For 2), When I went to write a simple rss-reader project this past weekend, I dreaded going back to lxml. I knew that I'd have to go peruse its huge documentation to answer questions about whether to use lxml.XML or lxml.fromstring, whether methods I wanted were on Elements or ElementTrees, xpath syntax, custom parsers, etc. If I'd ever seen the objectify API I'd forgotten about it, because there's just so much _other_ stuff in lxml.
I happen to have found xmltodict in a brief search for lxml alternatives. It's in PyPI, so pip grabbed it with no complaints. It installed without building anything. And in less than a minute of glancing at the README, I grokked the API as "pydict = xmltodict.parse(xml_string)". I don't know if there are other things. I never had to find out.
Less than 10 minutes from finding it to forgetting I was reading XML as a source -- really a wonderful project. But if I were doing something 'serious', I'd absolutely use lxml. That large API and those byzantine docs exist for a good reason: they're dealing with XML properly. But sometimes coders just wanna have fun, or build a quick prototype or hack.
Agree that lxml is certainly quite large and batteries-included, but I've always found I can do pretty much everything I want to just using a few select methods, namely etree and xpath.
For RSS reading, here's a straightforward example. Obviously you can factor out the index access on each item, and calling `/text()` too.
import urllib2
from lxml import etree
data = urllib2.urlopen('https://news.ycombinator.com/rss').read()
root = etree.XML(data)
for i, item in enumerate(root.xpath('.//item')):
print i, item.xpath('title/text()')[0]
print item.xpath('description/text()')[0]

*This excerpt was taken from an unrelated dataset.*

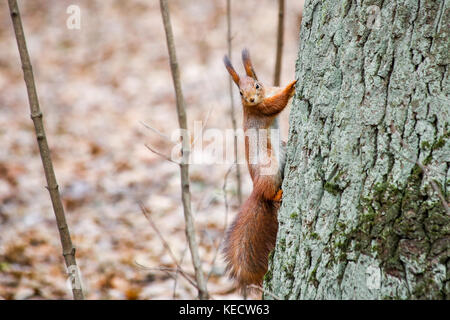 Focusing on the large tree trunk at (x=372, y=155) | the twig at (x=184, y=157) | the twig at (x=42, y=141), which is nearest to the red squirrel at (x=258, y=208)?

print item.xpath('link/text()')[0]
print
All pretty simple, xpath selectors can get a bit gnarly at times though. The tradeoff being that you can be very expressive with them.
Good, I had never seen this transformation tip in LXML
But usually, yes, LXML is "good" meaning it's the least worse way of dealing with XML
Also, it has some idiosyncrasies, like insisting on adding the namespace on tag names, so you end with something like {http://example.com/your.xlsd}.index (I don't remember it exactly and I don't have an example here with me)
Correctly handling namespaced QNames is a requirement, not a bug. It makes things awkward at times, but that's a job for lib writers to provide decent interfaces.
I haven't used LXML in a while, but ElementTree, for example, forces you to use the QName in XPath expressions, which is technically correct but a huge pain; it would be nice if there was a ScrewNamespace option that would allow "simple" searches, although this might blow up in your face one day (when two namespaces define the same element name, and your xpath search brings up elements you didn't really want).
I also found the namespacing to be a bit weird, and it took quite a while to grok the documentation. In case anyone wants a working example, I implemented a wrapper to drop the namespacing (resulting in simple objectify attribute access) for one particular XML schema here:
https://github.com/timstaley/voevent-parse/blob/master/voepa...
That's the "node-name", i.e. the fully qualified name of the tag in its namespace. You probably wanted to ask for the local-name, which in your example would just be "index". Not sure how to with LXML, but it's a common mistake people make when dealing with XML.
There's however a small feature in xmltodict that most people overlook: the streaming mode. I actually wrote xmltodict the day I tried to parse a Wikipedia dump, I just couldn't keep it all in memory but needed something more high-level than SAX.
xmltodict is in no way trying to compete with LXML feature-wise (no support for namespaces yet, just to name one thing). It's just a lightweight approach to roundtrip between XML and JSON documents that worked for my use case and decided to share it.
Yes, my first thought when reading the headline was that it would be about LXML.
However, while LXML can do this, and makes it easy, the documentation does not stress this way of using LXML. I like this project's emphasis on simplicity and doing one thing. It's the difference between "You can use LXML to get a dict" vs "Here is how to use xmltodict to get a dict". And it's right there in the name. Emphasis and naming are important when getting started.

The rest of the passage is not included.